Kelvin Poa is a principal in Baker McKenzie's Singapore office. He is an investment fund corporate and regulatory professional, and leads the Firm's Asia Pacific Private Equity group. He draws on his extensive background in private equity — and proficiency in fund formation and structuring — to deliver innovative and workable solutions for clients. He advises leading private equity and real estate houses to find ‘fund compatible’ structures for their investment acquisitions, restructurings and exits — and assists asset management clients to navigate transformational transactions or complex reorganisations successfully. Kelvin is recognised by leading legal directories for his experience in fund formation.


Ng Zhao Yang is a local principal in the Employment Practice Group of Baker McKenzie Wong & Leow in Singapore. He has over 10 years of experience advising regional and multinational clients on employment law and immigration matters in Singapore.

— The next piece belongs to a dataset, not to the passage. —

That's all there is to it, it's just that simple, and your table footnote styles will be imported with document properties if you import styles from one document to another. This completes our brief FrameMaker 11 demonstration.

He is recognised as an “Up and Coming” individual by Chambers & Partners Asia-Pacific 2024 in the Singapore Employment: Domestic category. Clients who spoke to Chambers described him as “very responsive,” “well-versed" and "provides technically strong and commercial advice." He is also recognised as a “Next Generation Partner” by The Legal 500 Asia Pacific 2024 in Singapore, in the Labour and employment: Local firms and Foreign firms categories.


Pradeep is a Local Principal in the Dispute Resolution Practice Group in Singapore. He advises and represents clients ranging from global corporations to tech start ups and individuals across all aspects of dispute resolution, including pre-litigation strategic advice, mediation, Singapore Court litigation and international arbitration. Pradeep also regularly advises and assists clients on a wide range of contentious and non-contentious employment law, investigations and compliance matters.

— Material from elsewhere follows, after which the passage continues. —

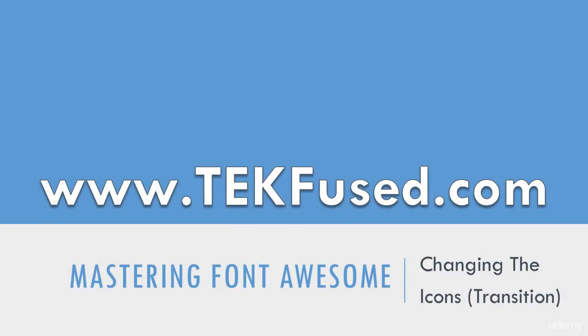Hey, welcome back. Let's learn how to smoothly change these icons using CSS3's Transition property.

In The Legal 500 Asia Pacific rankings 2024, Pradeep was recognised as a "key lawyer" in Baker McKenzie Wong & Leow's Dispute Resolution, International Arbitration and Employment teams, with clients commending him for being “very commercially minded” and a “superb lawyer” (The Legal 500, 2024).
Pradeep graduated from Singapore Management University's double degree programme with degrees in Economics (BSc (Econ)) and Law (LL.B.), and was placed on the Dean's List for both fields of study.